The defendants Apex Computer and Mr. Pryor have moved separately to dismiss all claims against them. The only allegation against Apex in the complaint is in Count III:

48. Discriminatory preferential treatment is given by Sun Expert to Apex Computer, as an advertiser, as a lessor of equipment, and as a supplier of computers, because of Morse and Crum's connection with Apex Computer.

The plaintiff does not allege in what manner Apex violated a duty to him. The plaintiff has responded in the memorandum in opposition that Apex is or should be deemed a shareholder of Sun Expert and that it was involved in the waste of the corporation. These assertions may state a claim under Count III, but their absence from the complaint prevents Apex from responding to "a short and plain statement of the claim," required by Fed.R.Civ.P. 8.

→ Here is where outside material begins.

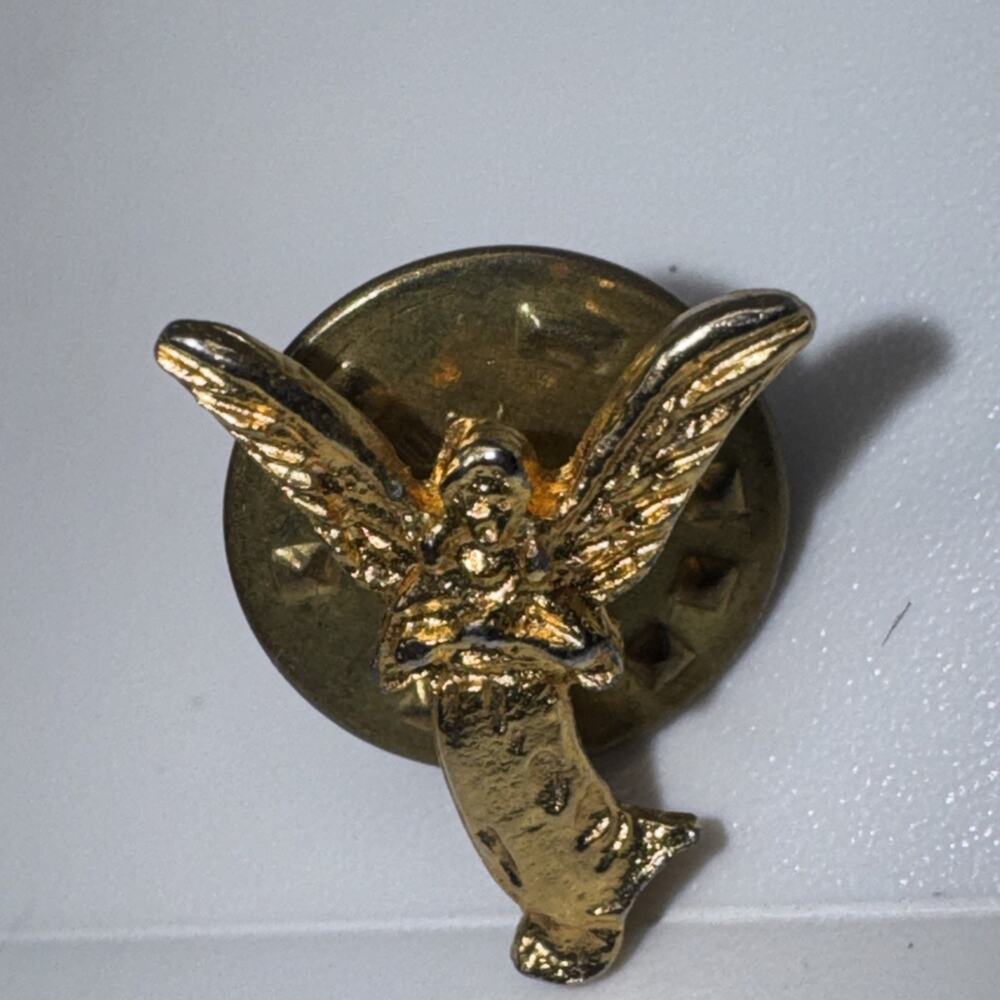 Vintage Long Winged Angel Gold Tone Lapel Pin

The only reference to defendant Pryor in the complaint is in the caption and the identification of the parties. The plaintiff has asserted in the memorandum in opposition that Mr. Pryor was the publisher of the defamatory statement alleged in Counts V and VI. All defendants have moved for a more definite statement of Counts V (defamation) and VI (interference with business relations). Count V does not assert which defendants made defamatory statements to the plaintiff's current employer and others on various subjects. Count VI alleges tortious interference with business relations based on those statements. The failure to plead the publishers of defamatory statements is sufficient grounds for allowing the generally discouraged motion for a more definite statement. Runyan v. United Brotherhood of Carpenters, 566 F. Supp. 600, 608 (D.Colo. 1983).

Accordingly, the motion to dismiss by defendants Apex Computer and Douglas Pryor is allowed without prejudice and with leave to amend the complaint within fourteen days. Defendants' motion to dismiss is allowed as to Count IV and denied as to Counts I and III. Defendants' motion for a more definite statement as to Counts V and VI is allowed.